The project from the PAST I've been looking at is something called "ROCOCO", which ran in the 1990s, looking at ways in which, in some KRAZY FUTURE WORLD, designers might be able to work together in remote locations by using some kind of "video chat" and perhaps a "shared tablet". What were they thinking eh? The actual DATA from it was a pile of boxes containing approximately 200 VHS TAPES, unindexed and unevenly labelled, which featured footage taken simultaneously from two different cameras at each site of the designers working together. See above re: QUITE INTERESTING.
Anyway, the reason I mention it here is that the above project COLLIDED HEADLONG with my current life in ROCK the other day, in the form of The Validators doing some pretty flipping amazing Online Collaboration ourselves. We had been talking the day before about maybe re-re-re-re-releasing The Fair Play Trophy (Again) as a single on iTunes and Spotify, as it doesn't seem to be available there in any form (it got left off of Forest Moon Of Enderby, the collection which included the rest of Shed Anthems because I was heartily sick of hearing it at that point!). I'd gone home and listened to the MANY versions of it, and was surprised to find that I actually quite liked the THIRD properly recorded one, from 2004. Further investigation revealed that these days you can do an online single for only 25 quid at only 72 hours notice, so I thought "Why not eh?"

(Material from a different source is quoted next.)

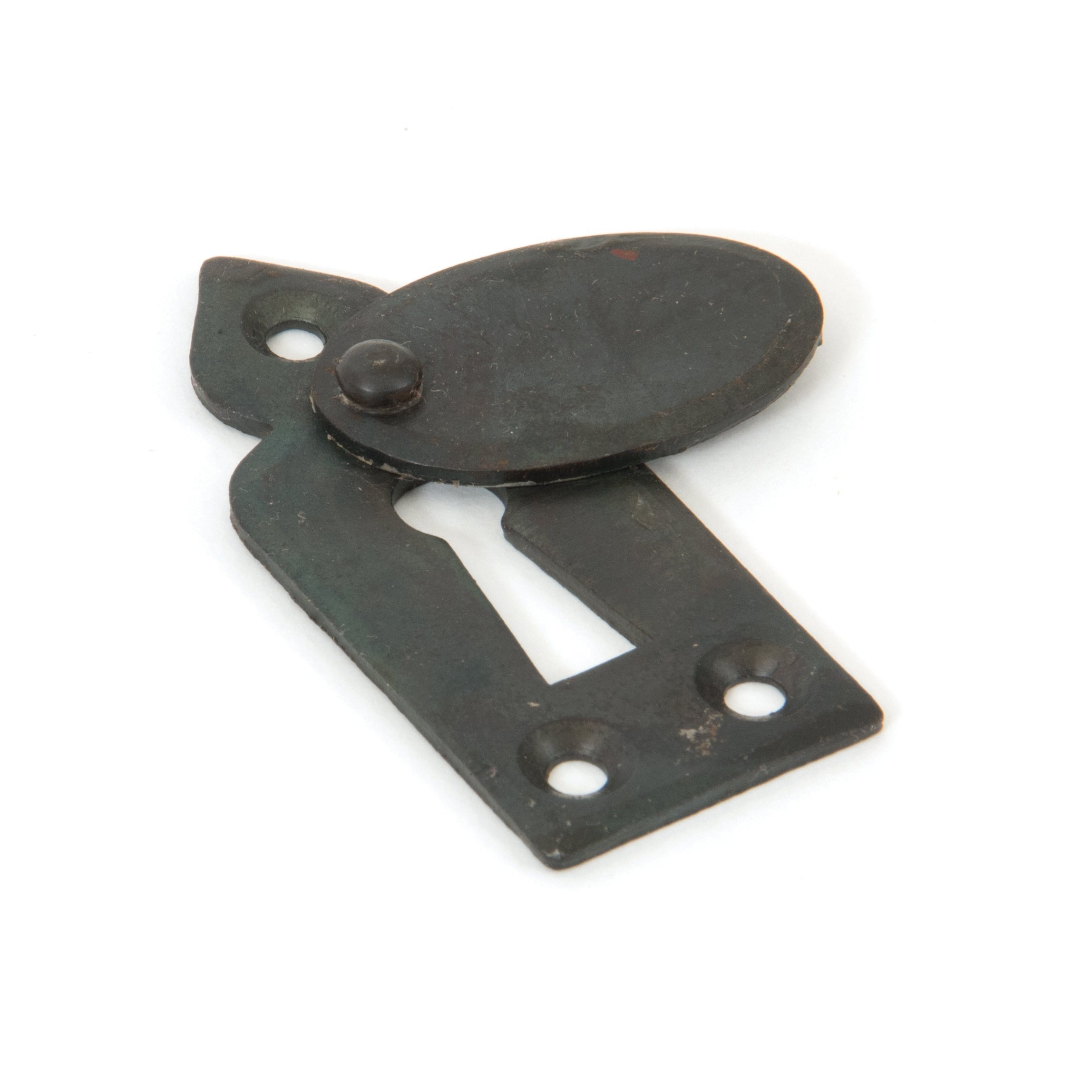 Beeswax Gothic Escutcheon & Cover | From The Anvil-Escutcheons-Yester Home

THUS the next morning at work we embarked upon one of our periodic ONLINE POWER DISCUSSIONS via email. I tell you what, if The Validator ever turned our minds to EVIL the world would do well to QUAKE, as we are Quite Good at this sort of thing - over the course of the morning we had considered ALL of the pros and cons of the plan, agreed upon a b-side, and bashed through SEVERAL versions of the cover artwork. Tim suggested a FONT and Frankie (who was working from home) went into his garden to take a PHOTOGRAPH for the cover, which we critiqued, he re-did, and then I assembled for various drafts of the image until the final one was done.
It was all RATHER efficient, and satisfyingly similar to the DREAMS of the Rococo project all those years ago! THUS I can reveal that on Monday 11 June we will be re-releasing The Fair Play Trophy as an online single, backed with In The North Stand (maybe in a new mix, if we can get round to it). It will look like THIS:
On top of all THAT it'll also be included on the DOWNLOAD version of 20 Golden GRATES (and thus also free to anybody who buys the cassette too) for the entire duration of England's World Cup Campaign which I, of course, confidently predict will last well into July.
If only the devisers of the Rococo Project had known, back then, what would be possible now, surely they would have jumped (remotely) for joy!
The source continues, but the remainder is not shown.